Copy exactly, beginning with the line holding "Foto de Joven" and ending with the final line of the data beneath this task; copy nothing else, and leave out every picture.

===== DATA FOR THIS EXERCISE =====

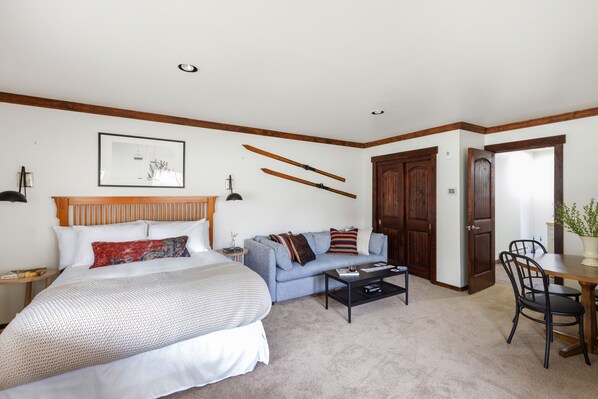 Un dormitorio con cama, sofá, mesa de centro y zona de comedor con sillas.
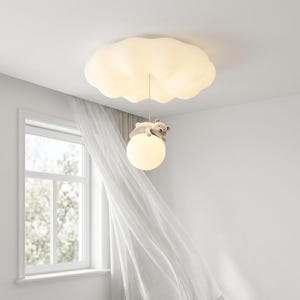 May include: A whimsical ceiling light fixture featuring a cloud-shaped shade and a hanging globe. A small stuffed bear rests on the globe. The light fixture is white and designed for a child's room. The room has a window with white curtains.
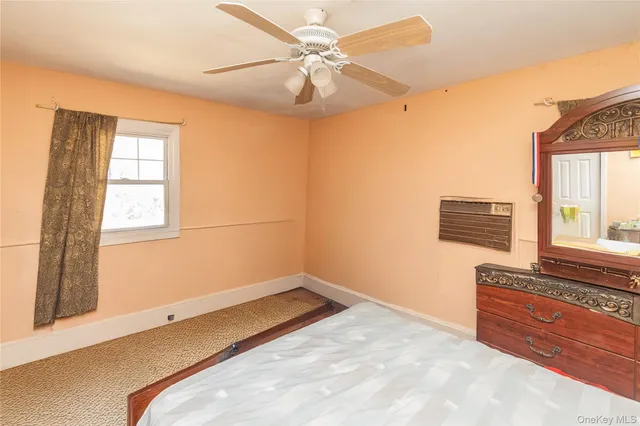 a view of a room with a ceiling fan and a window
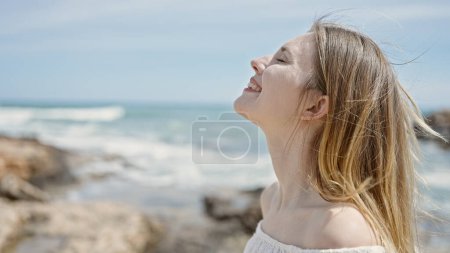 Foto de Joven mujer rubia turista sonriendo confiado respirando en la playa - Imagen libre de derechos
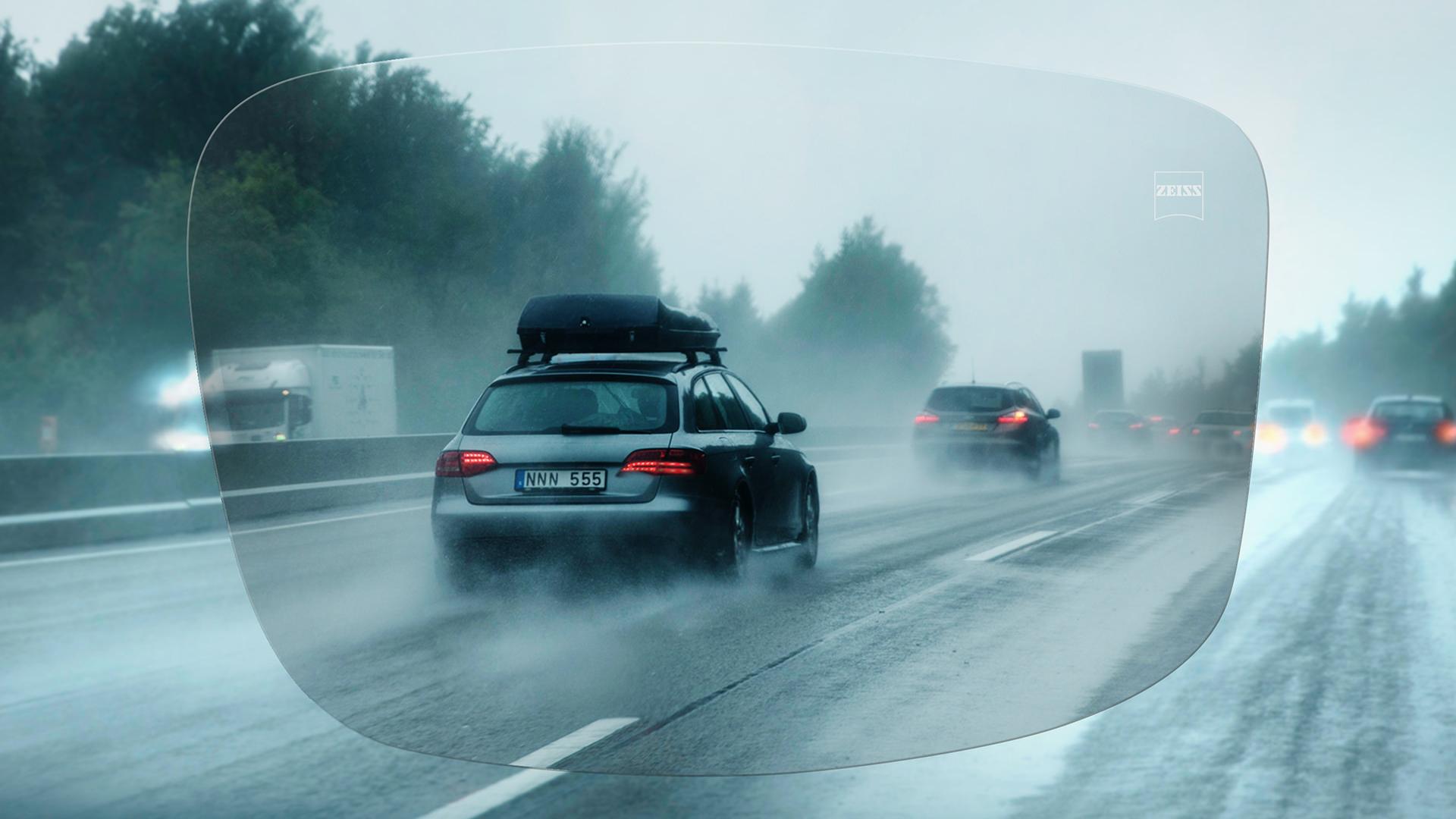 Visning af en motorvej set gennem ZEISS DriveSafe Single Vision brilleglas i regnvejr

=====

ANSWER FOR THE TASK ▸
 Foto de Joven mujer rubia turista sonriendo confiado respirando en la playa - Imagen libre de derechos
 Visning af en motorvej set gennem ZEISS DriveSafe Single Vision brilleglas i regnvejr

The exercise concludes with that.